If a son tells his father he's been playing too fast and loose with the family finances, does that mean the son doesn't support the father?

If Dad tells Junior that this struggling family needs to change its ways - meaning that everyone in the family should start buying Quick Pick lottery tickets on a daily basis - do we conclude that because it's change, it must be change for the good?

The significance of Ross Newhan's article in this morning's editions of the Times is not the individual departures of Dodger executives Bob Graziano and Kris Rone. Rather, it's the added spotlight shed on the possibility that Frank McCourt's finances are a house of cards - and not a full deck at that.

Let me narrow down the key part even further:

... a business plan based on a best-case scenario. If that best case doesn’t totally evolve — and seldom do all of the pieces fall in place in baseball — [there is concern] about McCourt’s long-term operating potential given the level of the debt servicing in his highly leveraged purchase of the club.

If there is anything to critique about this article, it is its credibility. Nothing against Newhan, or his unnamed source, but until a source goes on the record, there is always going to be doubt about its veracity.
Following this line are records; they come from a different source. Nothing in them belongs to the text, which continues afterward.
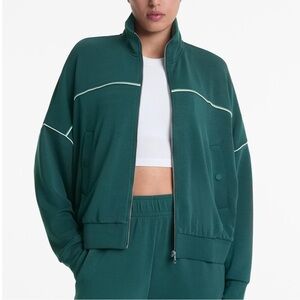 Brand New OYSHO Piping jacket with soft-touch modal and buttons / Size M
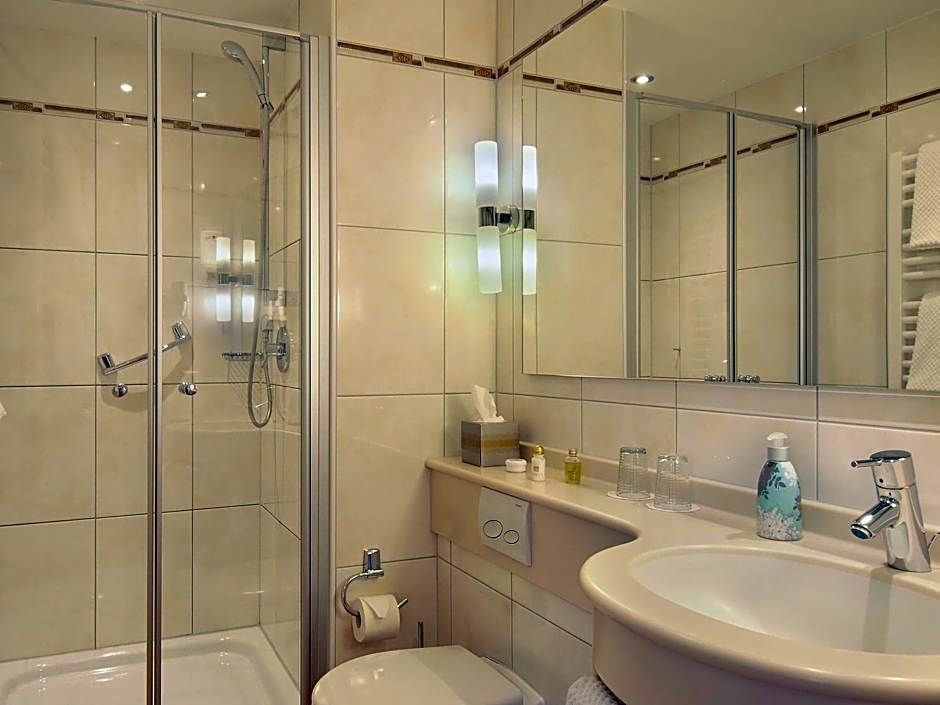 Hotel Kriemhild am Hirschgarten in Munich-Nymphenburg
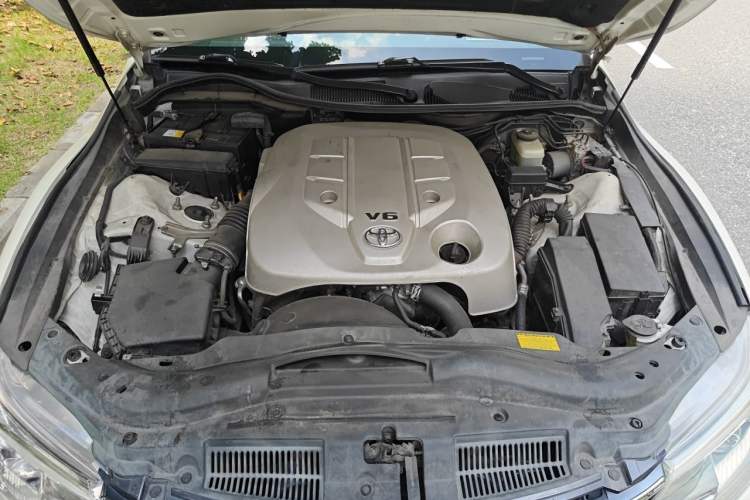 Used Toyota Reiz 2013 2.5V Shangrui Edition Engine Bay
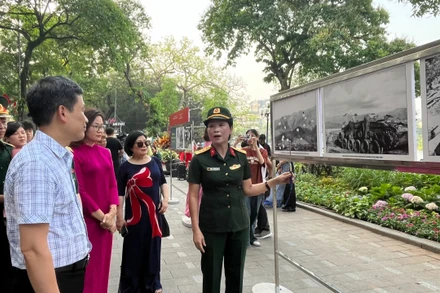 Các đại biểu nghe giới thiệu về những tư liệu lịch sử liên quan đến chiến dịch Điện Biên Phủ.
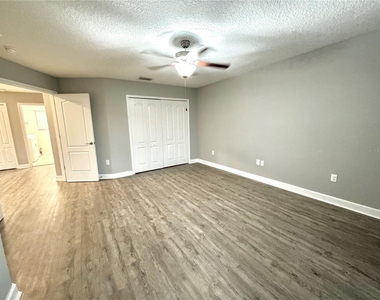 11523 Peru Springs Place - Photo Thumbnail 35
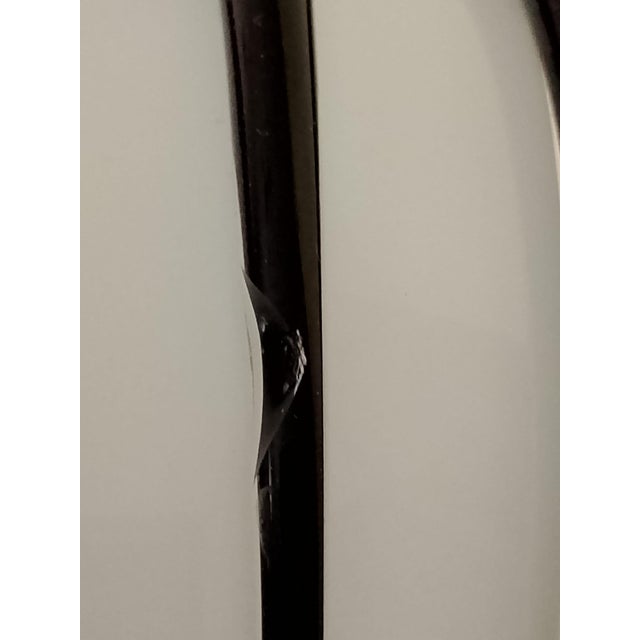 White Modern Minimalist Vase in Murano Glass, 1970s For Sale - Image 8 of 11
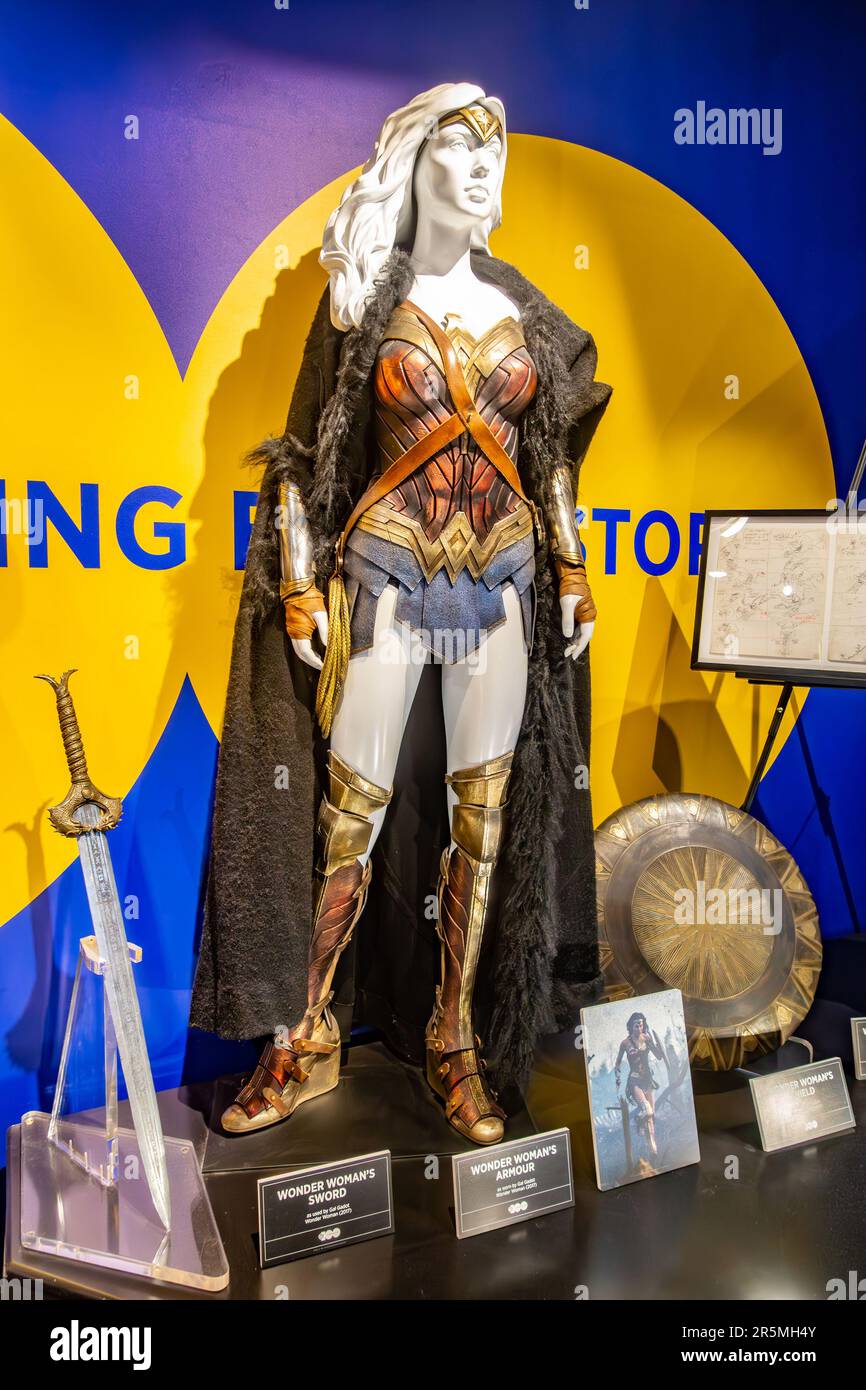 Un costume Wonder Woman come WARN di Gal Gadot in mostra al tour dello studio di Harry Potter a Watford, Regno Unito Foto Stock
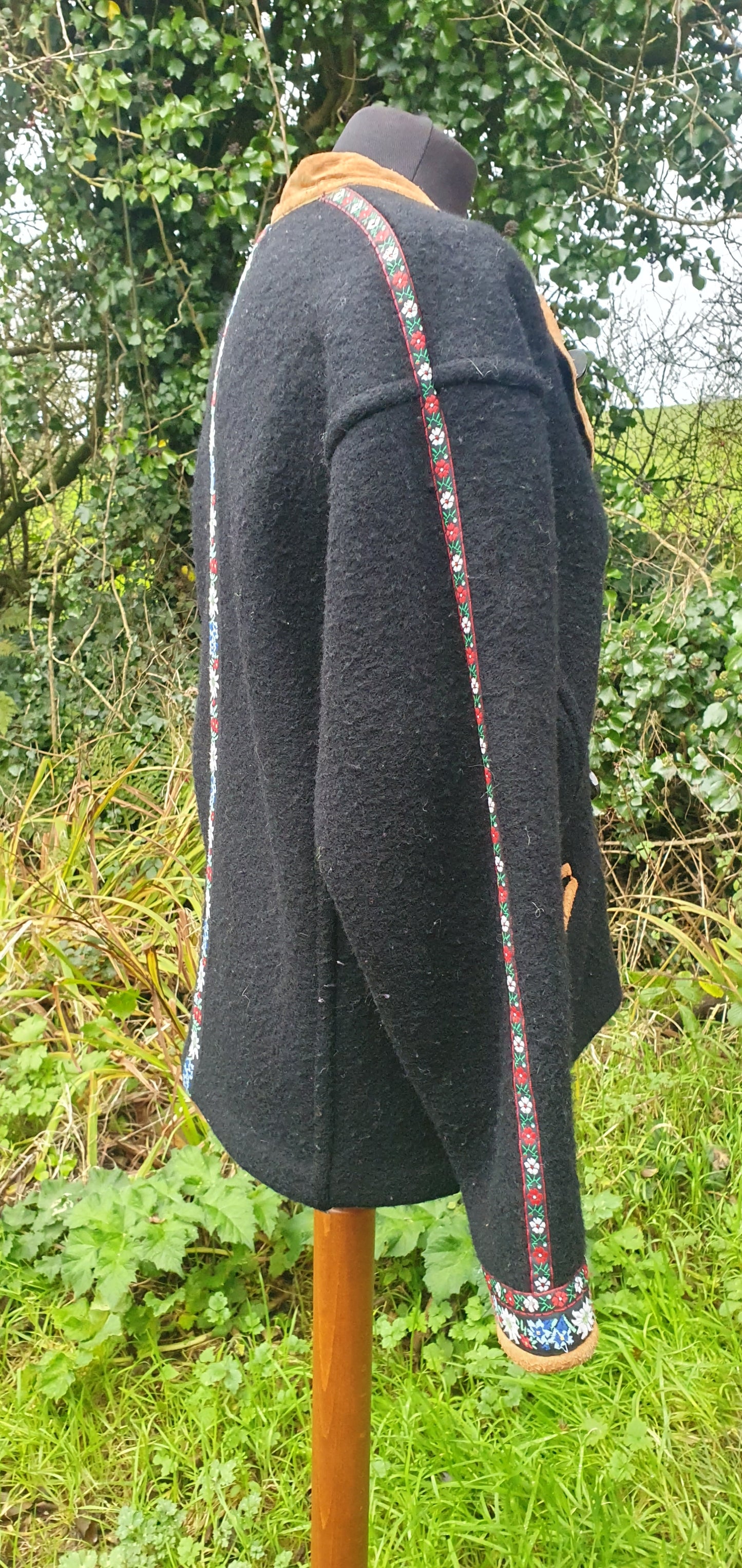 Vintage wool coat size 14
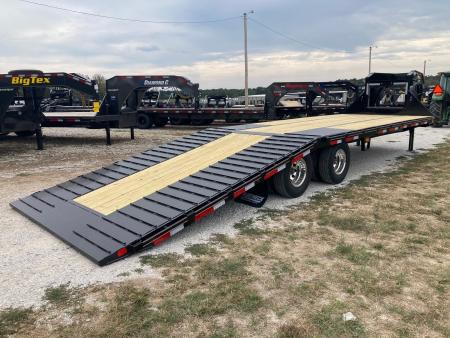 New 2027 Diamond C Trailers 102X30 TANDEM 25.9K GN HYDROTAIL W/ STEEL CLEATED RUNNERS, HYDROJACKS, ALUM OUTERS, DISC BRAKES & WIRELESS REMOTE Flatbed Trailer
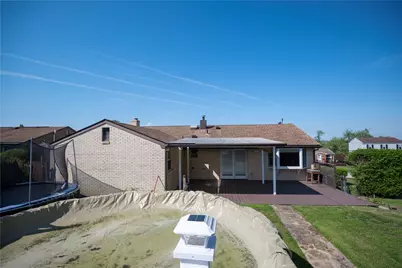 1805 Horizon Dr, White Oak, PA 15131 - Photo 28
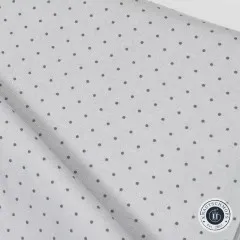 Diagonale Nahaufnahme des Punkte-Musters „Tiny Dots" in Fog mit sichtbarer Webstruktur.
Not because the source wishes to spread misinformation, but because the information might not be proven to begin with.

But the concern the article raises is serious, unnamed source or not. What happens to the Dodgers if McCourt's plans go awry - hardly an idle concern in Dodgerland?

The Dodgers can do better as a franchise, no doubt about it. I am not rooting against Frank McCourt to make that happen. I have said repeatedly that for the sake of the Dodgers, I hope my worries about him are unjustified. And the trial is ongoing - the verdict does not come today or Wednesday or next week.

But does that eliminate the right to monitor the operations of the team in the interim? McCourt has near-unfettered control over the team at this point; he is hardly being prevented from having his chance. Does one's faith in McCourt have to be completely blind?

If you have any doubt, consider this: when he came to the team, Kevin Malone deserved support and a chance as well. Kevin Malone was encouraged to make changes.

The Dodgers can do better as a franchise, no doubt about it. They can also do worse.

Update: Bob Bryant from Birds in the Belfry published a recollection of his personal/professional dealings with McCourt. An excerpt:

As the Director of Operations for the facility, I attended a number of meetings with Frank, and his lovely wife Jamie, and found them to be earnest, but totally incompetent people.